Se dal misterioso antichissimo Egitto si passa alla non meno misteriosa antichissima India, si ritrova quel rito discendente da quattro famosissimi libri : Rig-Veda, Giagiur-Veda, Sama-Veda, Atarva-Veda, una cerimonia chiamata Diksa, che serve alla deificazione dell’uomo (molto simile a quella egiziani sopra esposta). Questa cerimonia si svolge costruendo una capanna nella quale viene immesso il neofita, vestito di una veste di lino bianco, ricoperto di una pelle di antilope nera, cinto da un cordone di seta rossa. L’interpretazione che i sacerdoti Bramini davano ai suddetti elementi del sacro rito è la seguente: il neofita rappresenta il feto, la bianca veste di lino è l’amnios (il liquido che involve il feto nell’interno della placenta), la pelle nera d’antilope è il corion (la pellicola della placenta, dalla parte interna verso il feto), la cintura è il cordone ombelicale ed infine la capanna è 1’utero.
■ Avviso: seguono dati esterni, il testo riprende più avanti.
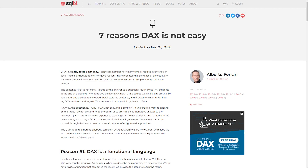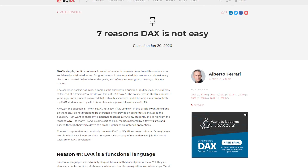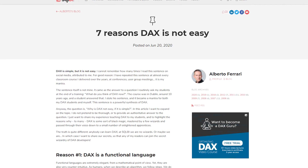Alberto Ferrari's got a blog post looking at seven reasons why DAX is not easy. I've heard Alberto say it before and he calls it out in the first line: DAX is simple, but it's not easy. And he's right. You can look at the functions — they aren't overly complicated in terms of looking at what they do. But having that understanding of what's happening under the hood is really where the gold is.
I1 commento che i sacerdoti Bramini riservavano ai loro prediletti chiariva che il risultato della pratica del rito Diksa era per il neofita il ritrovarsi inconsapevolmente in possesso di due corpi, uno materiale e mortale ed un altro diafano ed immortale, del quale poteva a sua volontà servirsi per ottenere cose meravigliose. Il neofita in questo modo aveva ricreato se stesso in una vita nuova, seconda vita, dopo quella avuta dal proprio padre e dalla propria madre; quando sarebbe morto col corpo diafano avrebbe vissuta una terza vita.
La classica civiltà greca, che è una propaggine di quella dell’India e dell’Egitto, ci ha conservato in Miti e Leggende, analoghe cerimonie relative all’integrazione umana; il Vello d’oro e la pelle del leone Nemeo indossata da Ercole sono due classici adombramenti dell’Operazione, che serve a purificare la materia sino a tanto che ciò che è occulto diventi manifesto (fac occultum manifestum). Questi misteri spogliati della messa in scena delle varie cerimonie rituali e ridotti alle idee madri si sono prolungati attraverso i millenni fino a noi. Per riassumere nelle loro linee fondamentali queste idee madri dei grandi focolai della scienza integrale
su questo nostro pianeta si può dire che dai monumenti e dalle sacre scritture abbiamo elementi assai scarsi per il carattere estremamente segreto dei riti; ma che questi hanno la manifestazione più appariscente e più importante nella idea di <<passare per la pelle >> per avere la certezza della immortalità quale risultato della iniziazione.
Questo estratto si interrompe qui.